Discovery & Approach
I started by auditing the existing design without being asked. I identified two issues immediately: users could self-assign any role including admin, and there was no second factor anywhere in the flow. Neither had been flagged. I brought both forward with a proposed direction rather than just a problem report.
To validate the approach, I walked a cybersecurity engineer through the proposed solution using a user flow diagram. Showing the work visually made the conversation faster. Their response was direct: "This flow is really good. It's great you considered having the administrator manage the access." That confirmation mattered less as new information and more as proof that independent research, done without a security background, had produced a sound result. They also flagged that a proper role and permissions system would be necessary as a follow-on. That aligned with what the audit had already surfaced.

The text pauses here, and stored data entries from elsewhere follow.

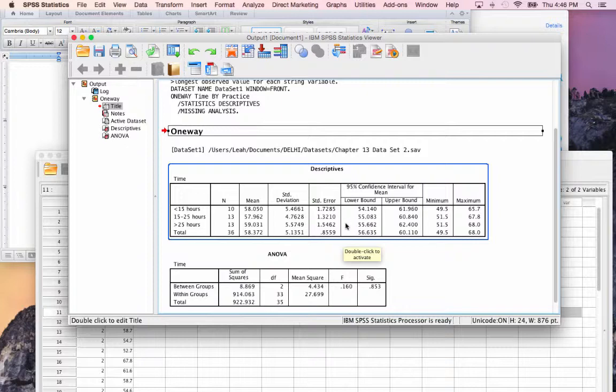We've stated our hypotheses, we've run the analysis in SPSS, and now we're going to look at how the results should be presented statistically for a journal article or report.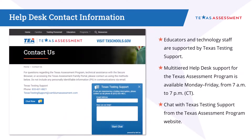Educators and technology staff may contact Texas Testing Support at 833-601-8821 or at texastestingsupport@cambiumassessment.com or by using the chat feature located on the Texas Assessment Program website.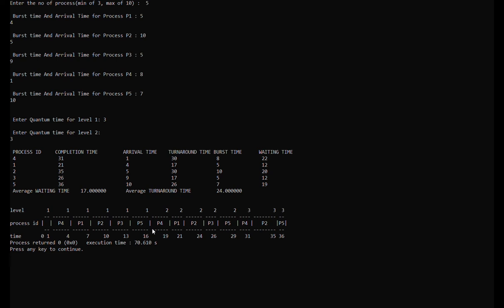Lastly, process 5 is the last one to arrive, arriving at time 10. It starts at time 13 and will be finished by time 16. So now all the processes are completed with level 1.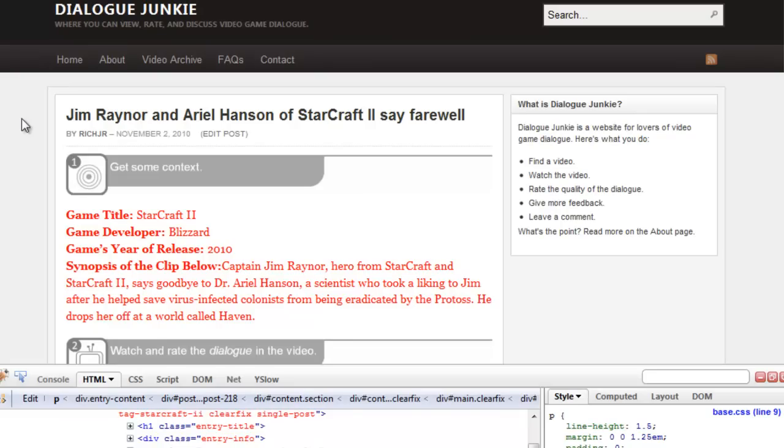You can follow the same process for just about any other element in the Arras theme. Just inspect the element with the Firebug plugin, get the underlying CSS, copy it into the user.css page, and edit it from there. That's it for this tutorial. Thanks for watching.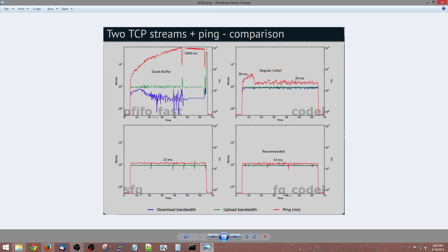SFQ tries to sort connections based on what they are — is it a very large connection or a smaller connection? When you merge these two together, you get something called FQ-CoDel. It does both: it sorts traffic based on what it is, but will only drop a packet from something it deems problematic. So if you had a Skype call and a download, it will probably drop a packet from the download so the Skype call isn't interrupted.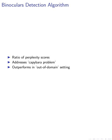We propose the binoculars detection algorithm, which uses a ratio of perplexity and cross-perplexity scores. This algorithm addresses the capybara problem, caused by handcrafted prompts, by estimating the baseline perplexity induced by the prompt and comparing it to the observed text's perplexity.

I then evaluated four authentication methods against two hard constraints: zero operating cost and global accessibility across devices and time zones.
| Solution | Criteria Score | Security | Cost | Accessibility | Privacy | Timeline | Key Comments |
|---|---|---|---|---|---|---|---|
| SMS Verification | 40% | High cost, not feasible globally without SMS service budget. | |||||
| Email Verification | 52% | Better global support than SMS, but still costly due to service needs. | |||||
| Authenticator Apps | 88% | Free, private, secure; ideal balance for global and budget constraints. | |||||
| Hardware Keys | 52% | Most secure, but too new and not backwards-compatible for users without smartphones. |
Solution
The core decision was to remove passwords and self-assigned roles entirely, replacing them with a two-factor flow built on Google sign-in and authenticator apps. This addressed both problems at once: no role selector meant no path to unauthorized admin access, and no password meant one less attack surface for a workforce already being phished. The redesign covered two flows: onboarding for new users and login for returning users.
The New Onboarding
HR sends a verified invite email before the user touches the product. This confirms identity at the point of entry rather than relying on self-reported information. From there, the user follows four steps.
- 01
Download the authenticator app for their device. Android, iOS, and a Chrome extension were all supported to cover users without smartphones.
- 02
Connect their account to the authenticator using a QR code or a manual entry code, depending on their device.
- 03
Enter the six-digit code from the app to confirm the connection is live.
Each step had its own focused screen. No competing actions, no clutter. The flow was built for users who had never used an authenticator app before.


Passwords were removed entirely. The old single text input was replaced with six individual digit fields, one per character. This made the expected input format obvious and reduced entry errors without any instructional copy.
Role assignment was removed from the user flow. Admins assign roles on invite through the backend. Users never see a role selector.
Impacts
Zero Cost to Operate
The solution was built around a hard constraint: no authentication budget for a distributed global team. Authenticator apps cost nothing to operate, worked offline, and required no paid service to maintain. SMS and email verification were never built. The solution scaled to a global team without adding a dollar to infrastructure spend.
Unauthorized Access Eliminated
Role self- selection was the most direct path to a data breach in the product.Any user could claim admin and access private data for everyone in the system.Moving role assignment to the backend and locking it behind an admin invite closed that path entirely before a single user touched the product.
Three Gaps Closed in One Redesign
Self- assigned roles, password - only login, and no second factor were three separate risks that each made the product vulnerable on its own.The redesign addressed all three together.A volunteer base regularly exposed to phishing attempts now had a login flow with no password to steal and a second factor tied to a physical device.